# Assignment: Dynamic Programming

---

<b><div style="text-align: right">[TOTAL POINTS: 35]</div></b>

In this assignment, you will implement the algorithms that you learned about in the dynamic programming chapter. Using these algorithms, you will find the optimal policy to act in a gridworld. 

Here are the exercises that you will solve today:

* Exercise 1: Action Value Function

    You will use the state values and the environment dynamics to create a function that gives the value of an action.

* Exercise 2, 3, and 4: Policy Evaluation for a Single State

    You will implement policy evaluation in gradual steps in three different exercises: First, you will implement policy evaluation for a single state, and then a single iteration of policy evaluation. Finally, you will implement full policy evaluation until convergence.

* Exercise 5: Policy Improvement

    Here, you will use greedy action selection to improve the policy. 


* Exercise 6: Policy Iteration

    In this exercise, you will combine your policy evaluation and improvement implementations to run policy iteration on the environment.

* Exercise 7: Value Iteration

    In the final exercise, you will implement value iteration using the single sweep version of policy evaluation and policy improvement.

The cell below contains two functions to aid visualization of value functions and policies. We will use them later to visualize our results.

In [1]:
import matplotlib.pyplot as plt

def visualize_value_function(value_function, n, goal_states, roundto=3, min_value=-1, max_value=1):
    fig, ax = plt.subplots()
    fig.set_figheight(n)
    fig.set_figwidth(n)
    mat = [[value_function[j*n+i] for i in range(n)] for j in range(n)]
    ax.matshow(mat, cmap='RdYlGn', vmin=min_value, vmax=max_value)
    ax.axis('off')   

    fig.set_figheight(5)
    fig.set_figwidth(5)
    for i in range(n):
        for j in range(n):
            ax.text(
                i, j, str(round(value_function[j*n+i], roundto)), color='0', 
                fontsize=10, 
                horizontalalignment='center', 
                verticalalignment='center'
            )
def visualize_policy(policy, value_function, n, goal_states, roundto=3, min_value=-1, max_value=1):
    fig, ax = plt.subplots()
    fig.set_figheight(n)
    fig.set_figwidth(n)
    mat = [[value_function[j*n+i] for i in range(n)] for j in range(n)]
    ax.matshow(mat, cmap='RdYlGn', vmin=min_value, vmax=max_value)
    ax.axis('off')   
    
    def get_policy_string(policy, state):
        policies = [policy[state, action] for action in ACTION_SPACE]
        return ['LEFT', 'DOWN', 'RIGHT', 'UP'][max(range(4), key=lambda x: policies[x])]

    fig.set_figheight(5)
    fig.set_figwidth(5)
    for i in range(n):
        for j in range(n):
            ax.text(
                i, j, get_policy_string(policy, i+j*n), color='0', 
                fontsize=10, 
                horizontalalignment='center', 
                verticalalignment='center'
            )

The `Gridworld` class below defines the Markov Decision Process for this task. The two functions in this class that you will find useful are `transition_probability_function` and `reward_function`. Check how they have been implemented.

In [2]:
class GridWorld:

    def __init__(self, n, goal_states, holes=[2,5], goal_reward=+1, hole_reward=-1, living_reward=0):
        self.n = n
        self.states_space = list(range(self.n*self.n))
        self.action_space = [0,1,2,3]
        self.goal_states = goal_states
        self.goal_reward = goal_reward
        self.hole_reward = hole_reward
        self.living_reward = living_reward
        self.holes = holes

    # convenience functions to check if a state lies at an edge
    def is_left_edge(self, state): return (state % self.n)==0
    def is_right_edge(self, state): return ((state+1) % self.n)==0
    def is_top_edge(self, state): return state < self.n
    def is_bottom_edge(self, state): return self.n**2 > state > (self.n**2 - self.n)

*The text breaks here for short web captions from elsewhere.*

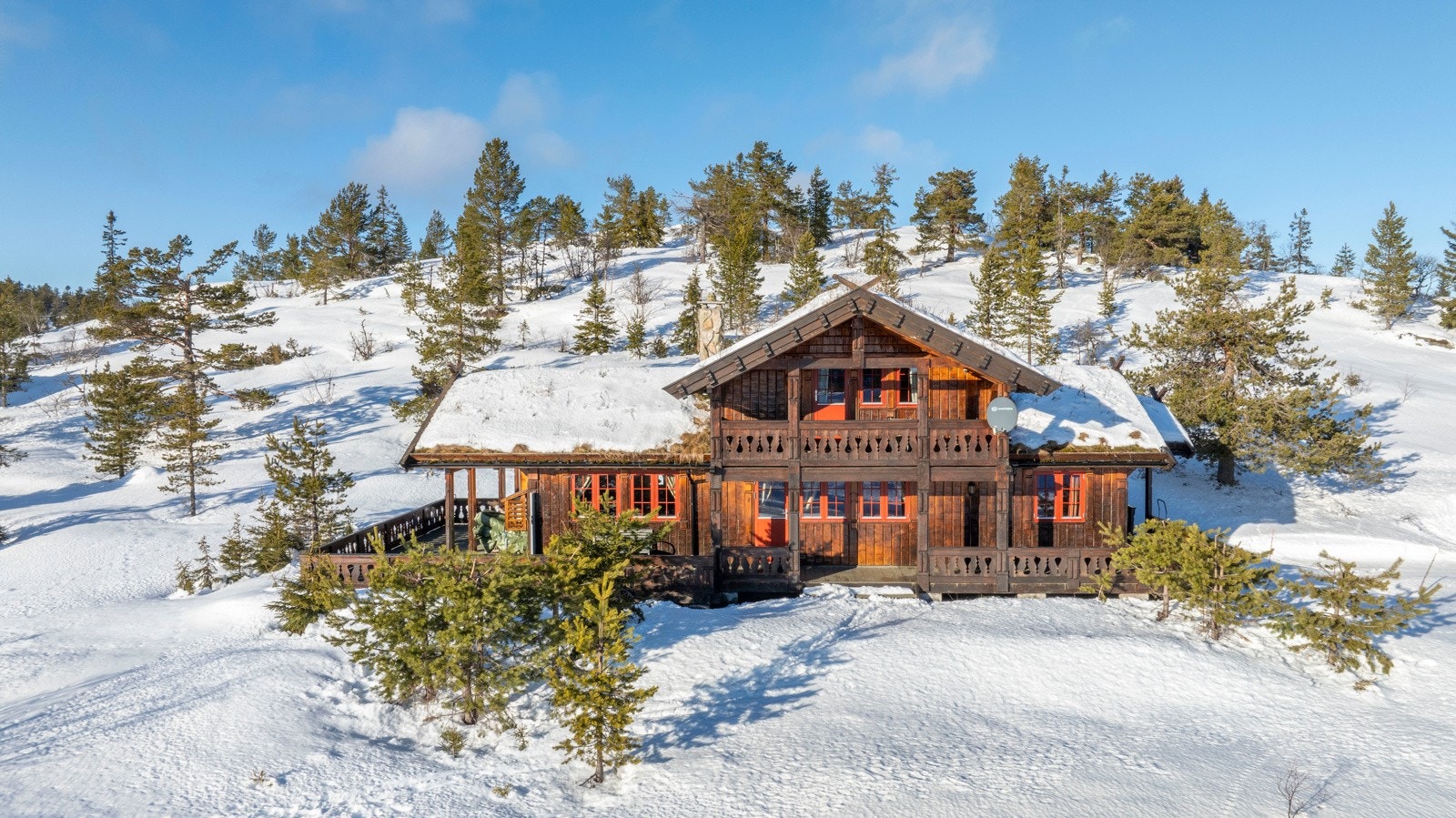 PRIVATmegleren Park ved Lars Jakob Aarak har gleden av å få presentere denne flotte hytta med idyllisk beliggenhet på Sylvtjønn i Nissedal kommune. Galleribilde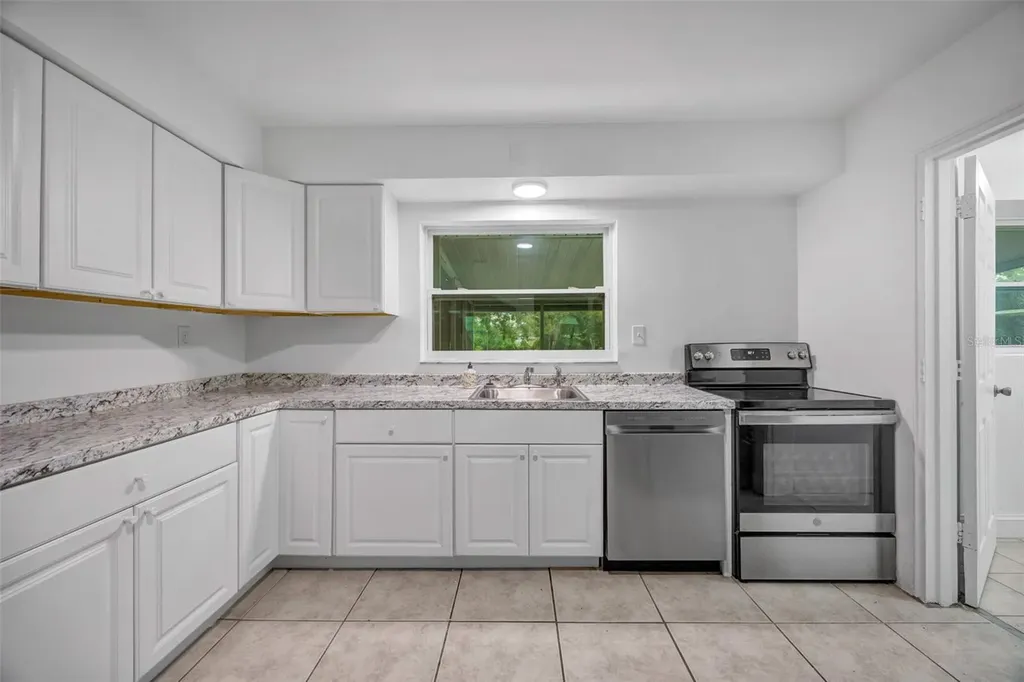 308 S Kingsway Road Seffner FL 33584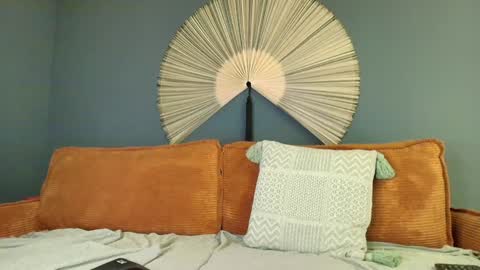 Eddie online show from December 2024 03:04:02 AM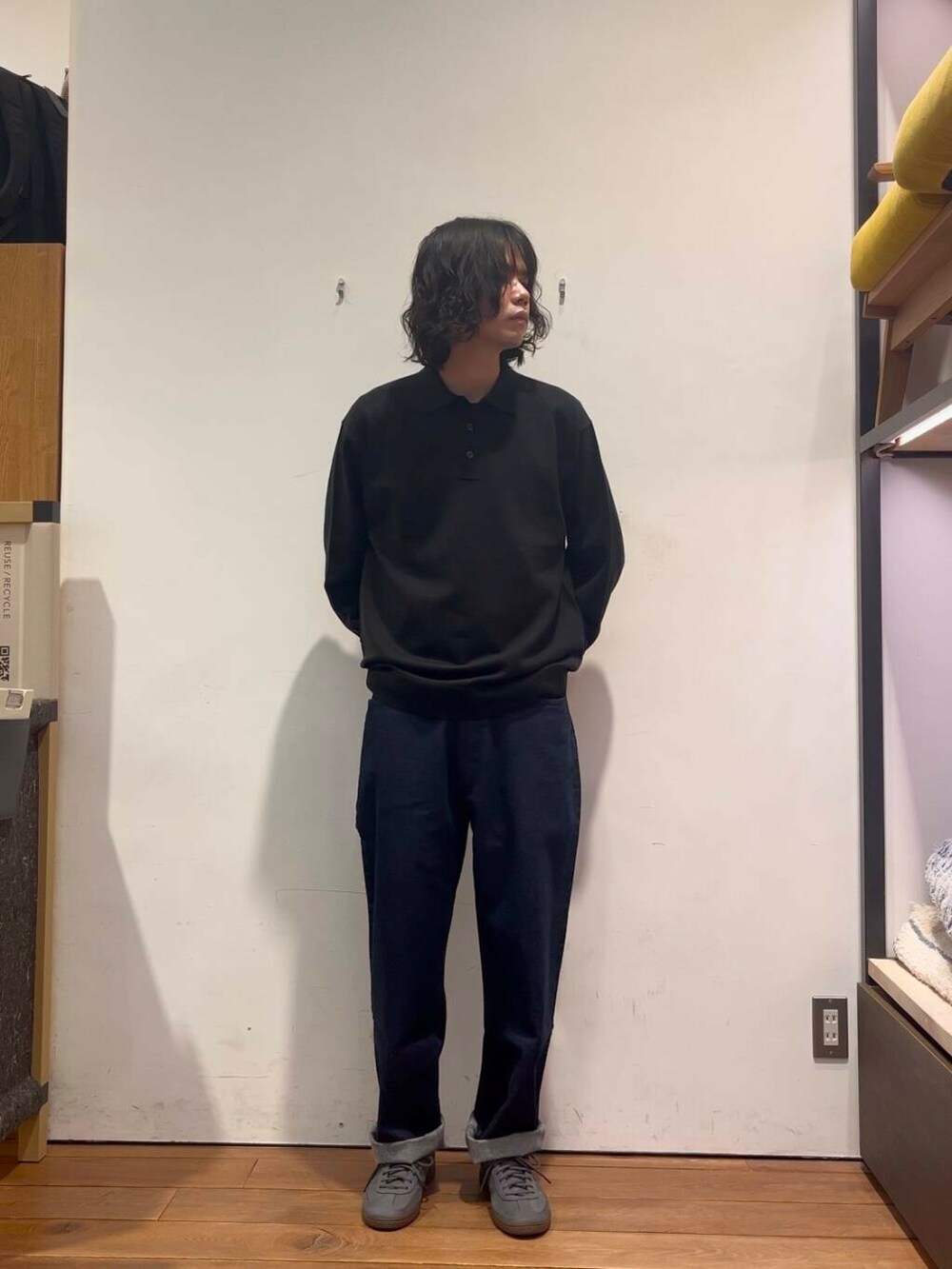 ブルー系のデニムパンツ、グレー系のその他アウター、ブラック系のポロシャツを着用したメンズの冬コーディネートの4枚目の写真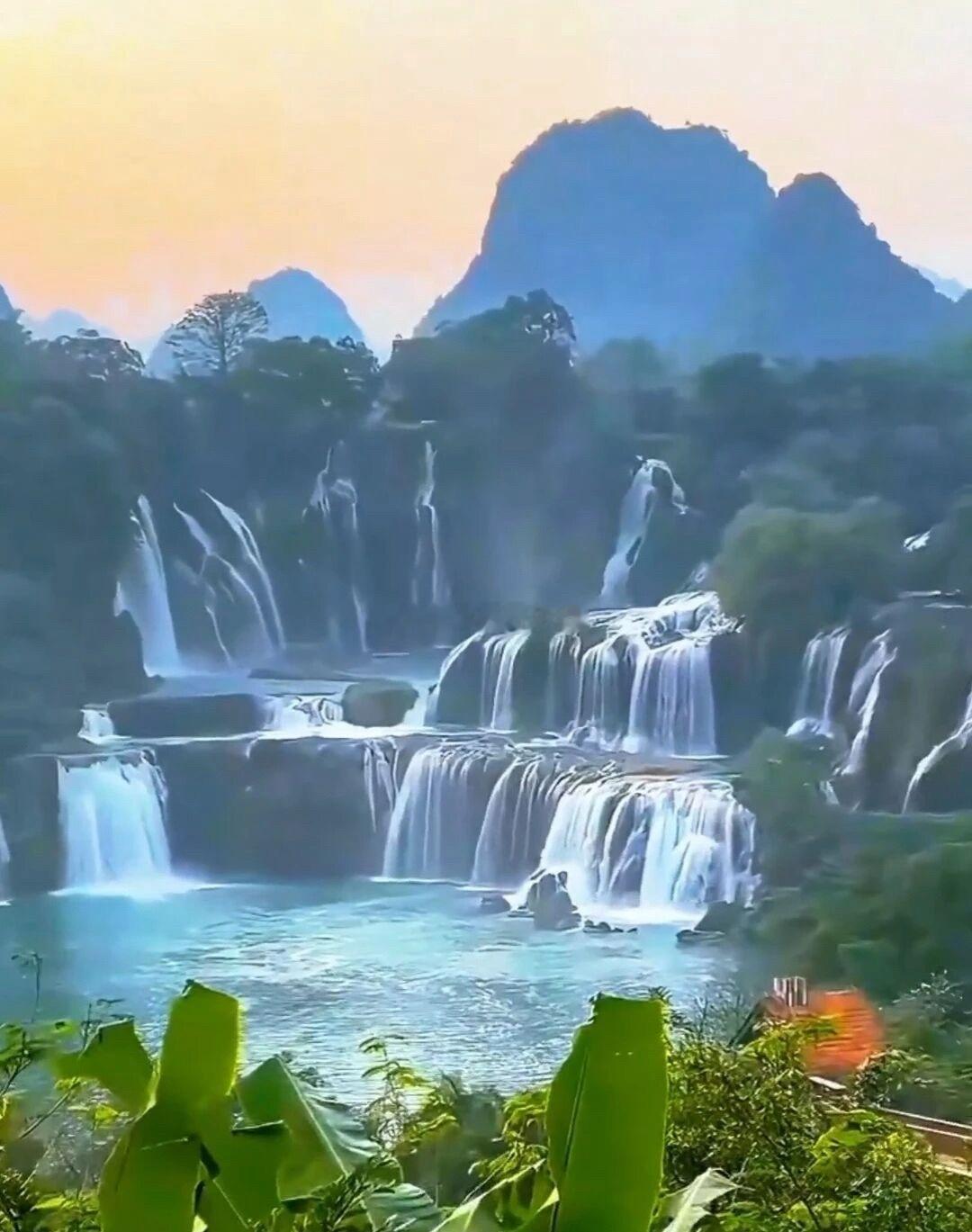 明日大概率大涨收中大阳线上半年行情落幕，市场暂无利空。6月机构冲排名的抛压会转为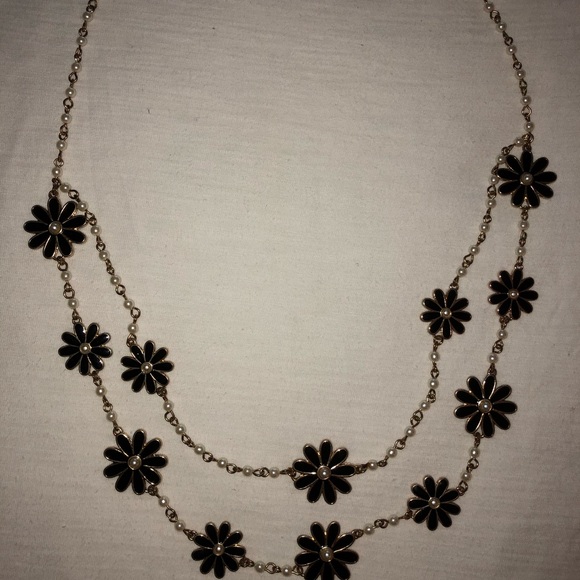 Necklace - Picture 1 of 3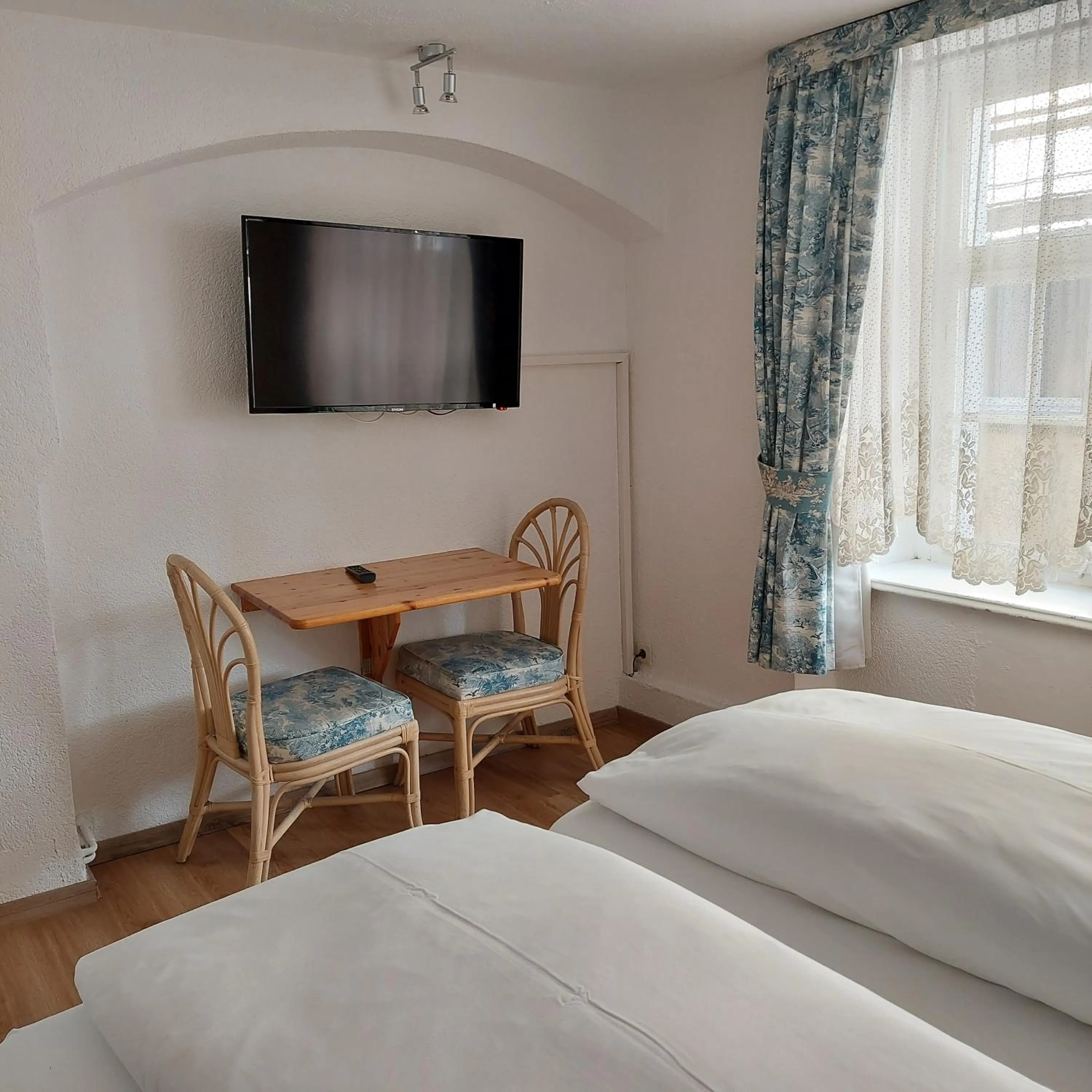 Bed in Hotel Gasthof Inselgraben garni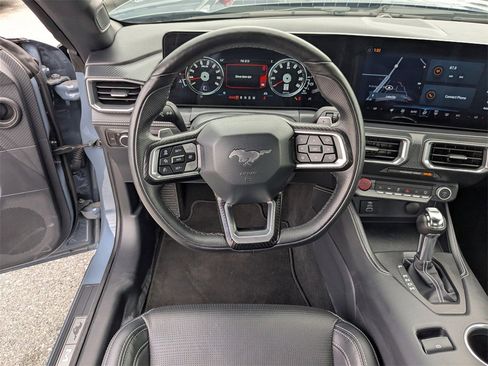Used 2025 Ford Mustang GT Premium image 16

    def is_left(self, a, b):
        # checks if state b lies to the left of a
        if self.is_left_edge(a): return False
        return (a-1)==b

    def is_right(self, a, b):
        # checks if state b lies to the right of a
        if self.is_right_edge(a): return False
        return (a+1)==b

    def is_above(self, a, b):
        # checks if state b is above a
        if self.is_top_edge(a): return False
        return (a-self.n)==b

    def is_below(self, a, b):
        # checks if state b is below a
        if self.is_bottom_edge(a): return False
        return (a+self.n)==b

    def get_next_state(self, state, action):
        # determines the state you end up at if you take
        # action `action` at state `state`
        if action == UP:
            if self.is_top_edge(state): return state
            return state - self.n
        if action == LEFT:
            if self.is_left_edge(state): return state
            return state - 1
        if action == DOWN:
            if self.is_bottom_edge(state): return state
            return state + self.n
        if action == RIGHT:
            if self.is_right_edge(state): return state
            return state + 1


    def reward_function(self, initial_state, action):

        # our reward function is dependent on the final state
        final_state = self.get_next_state(initial_state, action)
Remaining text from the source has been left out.